High-Throughput Mechanical Characterization of Giant Unilamellar Vesicles by Real-Time Deformability Cytometry
Maximilian Kloppe, Stefan J. Maurer, Tobias Abele, Kerstin Göpfrich, Sebastian Aland
TL;DR
This paper presents a high-throughput, non-contact framework for mechanically characterizing Giant Unilamellar Vesicles (GUVs) using Real-Time Deformability Cytometry (RT-DC) grounded in a phase-field model that identifies the area expansion modulus $K$ as the dominant membrane parameter. It introduces three fitting strategies—direct fitting, noise-robust collective fitting, and a combined approach—to extract $K$ across diverse flow rates, channel geometries, and buffer viscosities, including heterogeneous vesicle populations. Validation with DOPC and SM–Chol vesicles shows $K$ values in line with literature ranges, while RT-DC offers orders-of-magnitude higher throughput than traditional methods and enables potential sorting by membrane mechanics. Overall, the work establishes RT-DC with robust data-fitting pipelines as a powerful tool for rapid vesicle population screening and membrane mechanics research, with implications for synthetic biology and soft matter science.
Abstract
Real-time deformability cytometry (RT-DC) enables high-throughput, contact-free mechanical characterization of soft microscopic objects. Here we apply this technique to giant unilamellar vesicles (GUVs). To interpret vesicle deformation in RT-DC, we present a simulation-based model taking into account the area expansion modulus as the dominant mechanical parameter. Using phase-field simulations over a wide parameter space, we find GUV deformation to depend linearly on GUV area.
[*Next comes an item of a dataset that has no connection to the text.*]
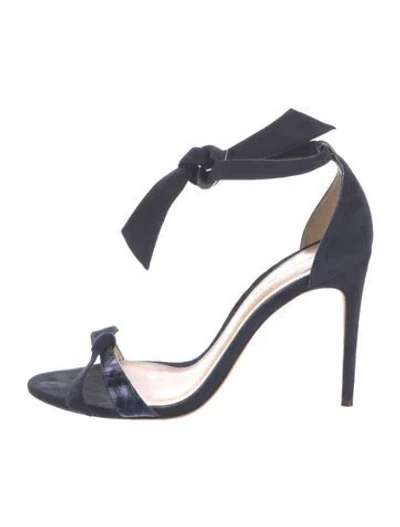 Pre-owned Alexandre Birman Suede Bow Accents Sandals In Blue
Based on these results, we derive two complementary fitting strategies for extracting the area expansion modulus K from RT-DC data: a direct model-based fit for single-vesicle characterization and a noise-resistant collective approach that enables robust population-level estimates. Furthermore, we introduce a combined fitting method that integrates both approaches to filter outliers and improve accuracy in heterogeneous or noisy datasets. All methods scale across varying flow rates, channel geometries and buffer viscosities, and produce predictions of K consistent with literature values for different lipid compositions. Compared to traditional techniques such as micropipette aspiration, our approach offers orders of magnitude higher throughput without mechanical contact, making it particularly suitable for GUV population studies. Beyond mechanical phenotyping, this framework opens new avenues for sorting vesicle populations based on membrane mechanics, a capability of growing interest in synthetic biology and soft matter research.